On August 7 in San Francisco, I'll be co-facilitating a discussion about Conscious Capitalism®
. John Mackey, CEO of Whole Foods Market, is the champion of this project, and for the past few months, groups in San Francisco, Austin, and New York have been actively discussing the concepts behind it, sponsored by FLOW: Liberating the Entrepreneurial Spirit for Good
Capitalism, the process whereby capital is mobilized to produce goods and services for people, can be practiced either consciously or unconsciously. The proponents of Conscious Capitalism believe that capital should be mobilized on behalf of making the world a better place, and work to support those who aspire to do so.
According to Mackey, "Businesses and corporations are seen as greedy, selfish, and evil... Business needs to become holistic and integral with deeper, more comprehensive purposes... If business owners/entrepreneurs begin to... manage their business more consciously for the well-being of all their major stakeholders while fulfilling their highest business purpose, then I believe that we would begin to see the hostility towards capitalism and business disappear."
In Mackey's white paper on Conscious Capitalism
, he points out that the purpose of business is not just to maximize profits for the investors, as the economists would tell us. The entrepreneurs who found a business determine its purpose, not investors or lawyers or politicians. In Mackey's experience -- and mine -- maximizing profits is not the primary reason any entrepreneur builds a business. In fact, many of us start businesses with the express purpose of improving the world we live in.
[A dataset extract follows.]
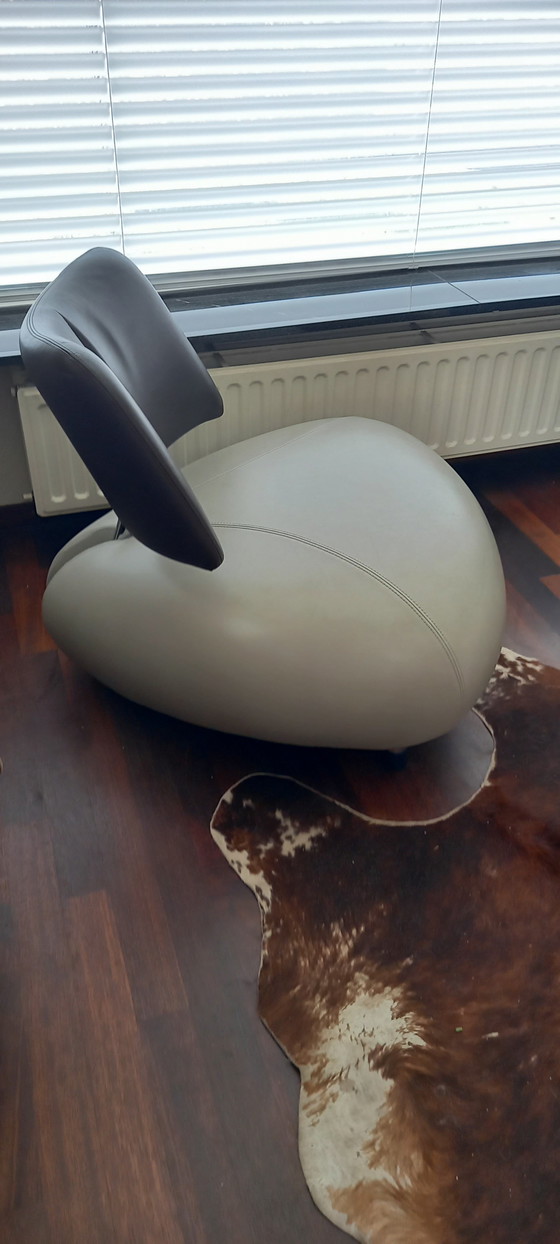 Image 1 of Leolux Balloon. Model PA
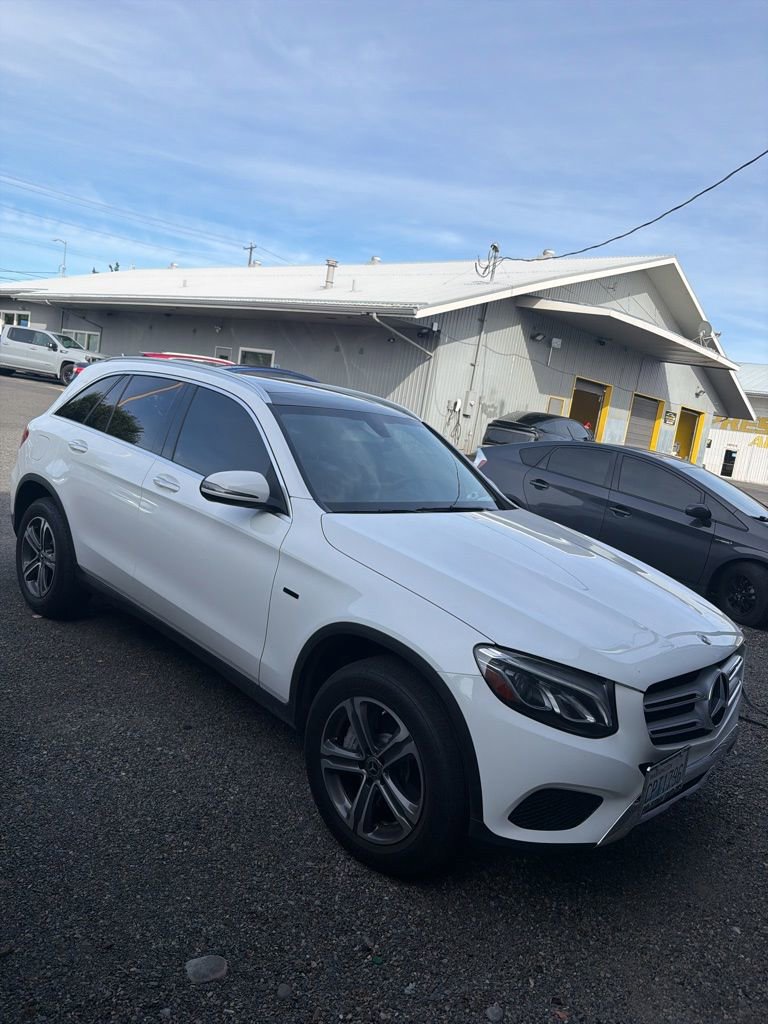 Used 2019 Mercedes-Benz GLC 350e 4MATIC image 1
It is not only possible, but more common than you might think, to operate a business that makes the world better while earning a reasonable profit for its owners.
The key to being a fully conscious entrepreneur, according to Mackey, is to honor all the stakeholders in a business equally: owners, investors, employees, customers, suppliers, the community, and the environment. It might seem that the impact of such a holistic approach would be to depress profits, but in fact, this isn't necessarily true. Mackey cites a fascinating study of 30 publicly-traded companies managed according to this conscious, holistic paradigm. Over a period of ten years, these companies outperformed the S&P 500 by a ratio of nine to one.
The San Francisco Conscious Capitalism group
this month will be discussing the topic "The Conscious Capitalism Business Plan: What is it? What goes into it? How is it different?" If you join us, expect a lively small group discussion, with plenty of time for your own contributions and questions.
Can capitalism become conscious? Here's what Mackey says: "...businesses have endless opportunities to attempt to do good in the world... if done consciously, on an ongoing basis by individuals and corporations around the world, would help push humanity into an era of accelerated progress that would be unprecedented in world history. That is what...Conscious Capitalism really means."